What you have to do: Please repeat word for word the line containing "ماكنه رياضه" and every following line up to and including the last one below, pictures excluded.

Captioned web images
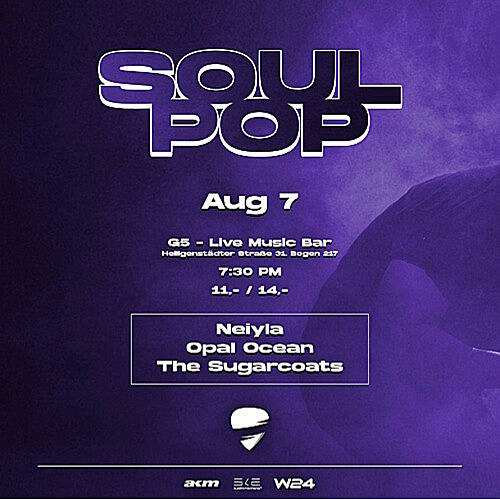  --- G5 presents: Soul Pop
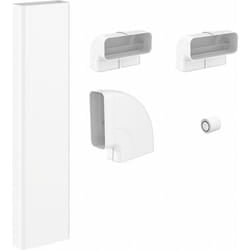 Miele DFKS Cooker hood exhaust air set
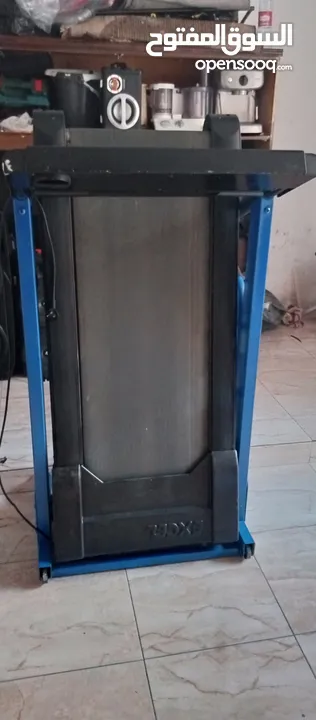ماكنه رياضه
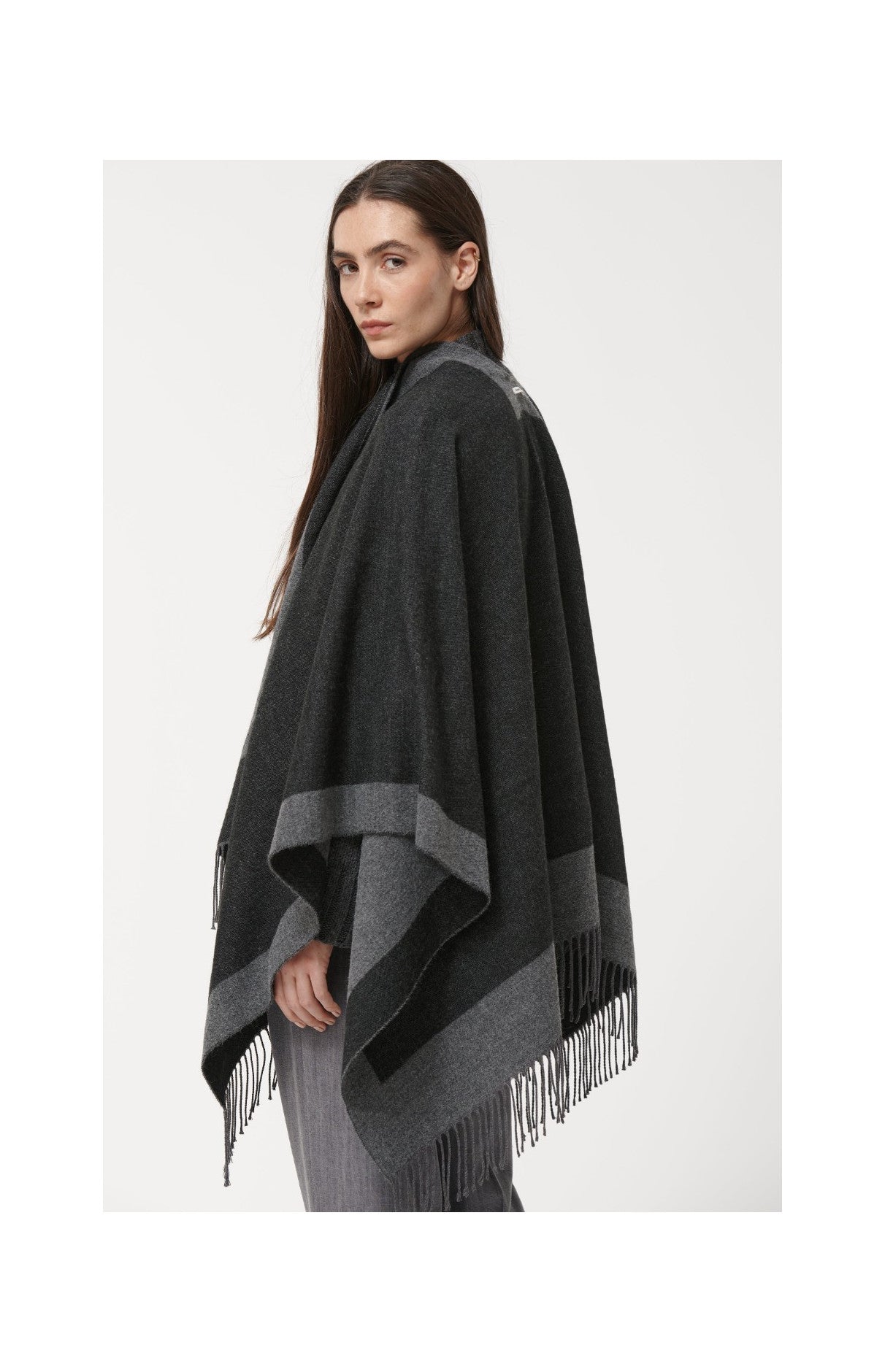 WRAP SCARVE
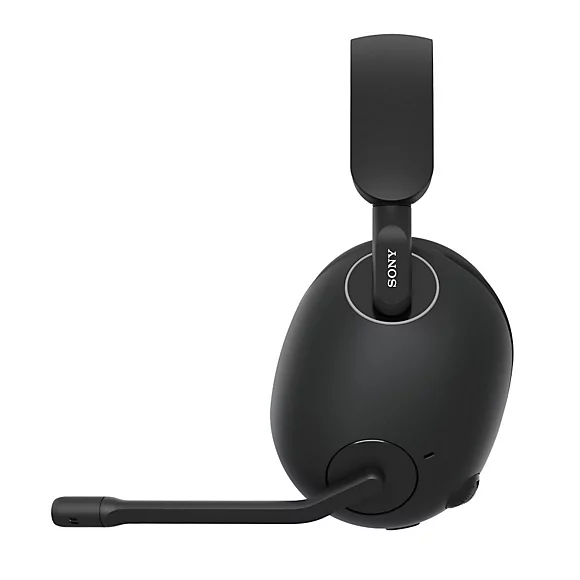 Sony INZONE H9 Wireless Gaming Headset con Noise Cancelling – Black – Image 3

Response for this exercise:
ماكنه رياضه
 WRAP SCARVE
 Sony INZONE H9 Wireless Gaming Headset con Noise Cancelling – Black – Image 3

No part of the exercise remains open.